Por Gabriel Guerrero Gómez
Slava Taideff se inclinó y salió de la habitación guiado por Mesala. Una patrulla de fornidas Walkirias imperiales se les unió. A medida que avanzaban, a ambos lados del corredor, Slava Taideff pudo apreciar sendos bustos esculpidos en mármol de antiquísimos músicos.
Inesperadamente, las luces del pasillo parpadearon hasta casi extinguirse. La presión agarrotó sus músculos. Un sudor frío empapó su frente. ¿Asesinarme? Soy valioso para él todavía, pensó Slava Taideff. Mesala hizo una seña a una de las Walkirias.
—Llamad a mantenimiento inmediatamente, Capitán.
Slava Taideff carraspeó. El corazón le dio un vuelco.
—Dadme solo un minuto, mi Señor.
La Walkiria se giró y salió por el corredor de su derecha.

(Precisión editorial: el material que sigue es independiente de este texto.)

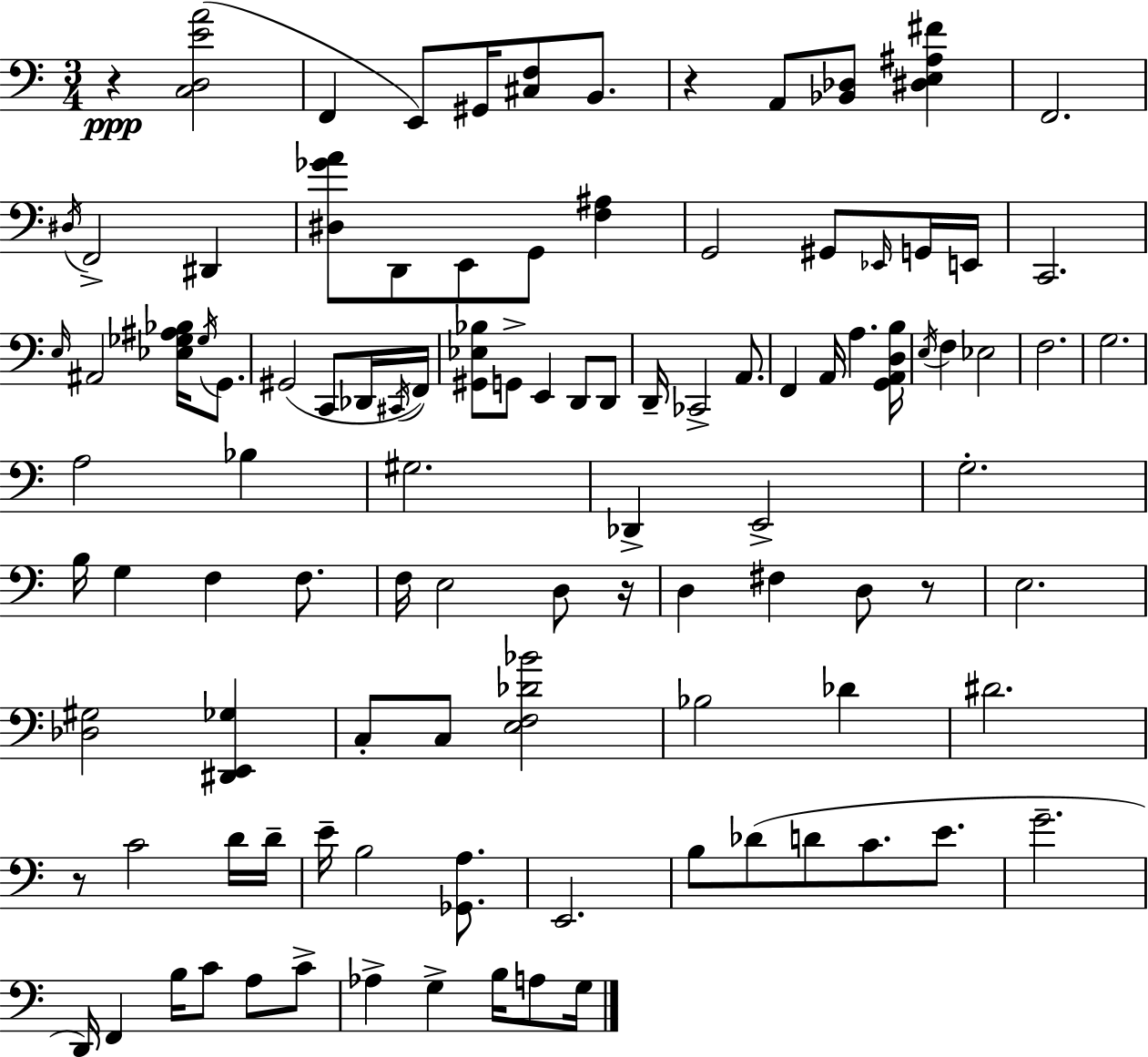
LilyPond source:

Slava Taideff sintió en la oscuridad un picotazo. Se llevó la mano al cuello, en tanto se escuchaba el zumbido de un enorme mosquito que salía por una ventana completamente abierta. Mesala la cerró y aseguró los cierres.
—Este maldito servicio de mantenimiento —murmuró irritado—. Os pido disculpas por este contratiempo, Embajador.
Mesala encendió una linterna, cegando por un par de segundos a su ilustre huésped con centelleos luminosos.
—¡Oh! Os ruego me disculpéis, mi Señor —dijo Mesala.
—Estas cosas pasan —dijo serenamente Slava Taideff mientras atra­vesaban varios patios interiores. Ignoraba por completo que Mesala le había implantado un micro rastreador cerca de la nuca, de tal manera que tendrían siempre controlados los movimientos del Embajador de la Heptarquía Septem en el planeta Thenae.
Las luces volvieron a iluminar los pasillos.
Dos Walkirias se les unieron. Observó su indumentaria. Finos monos negros que se les adaptaban perfectamente mostrando una fornida y hermosa silueta, débilmente disimulada por una amplia capa con el escudo imperial bordado en su pecho izquierdo. Las retinas de Slava Taideff se posaron en la espalda de Mesala.
Se había recuperado de su estado de shock inicial. Una furtiva sonrisa se formó en los labios de Slava Taideff. Este sí que es un elemento de cuidado, pensó. Poseía, al parecer, conocimientos sobre la vida privada de personas rele­vantes, ya fueran políticos, banqueros o militares, tanto dentro como fuera del Imperio. Slava Taideff de sobra sabía que si intentase traicionar al Imperator o al Conde, este le exterminaría sin pestañear.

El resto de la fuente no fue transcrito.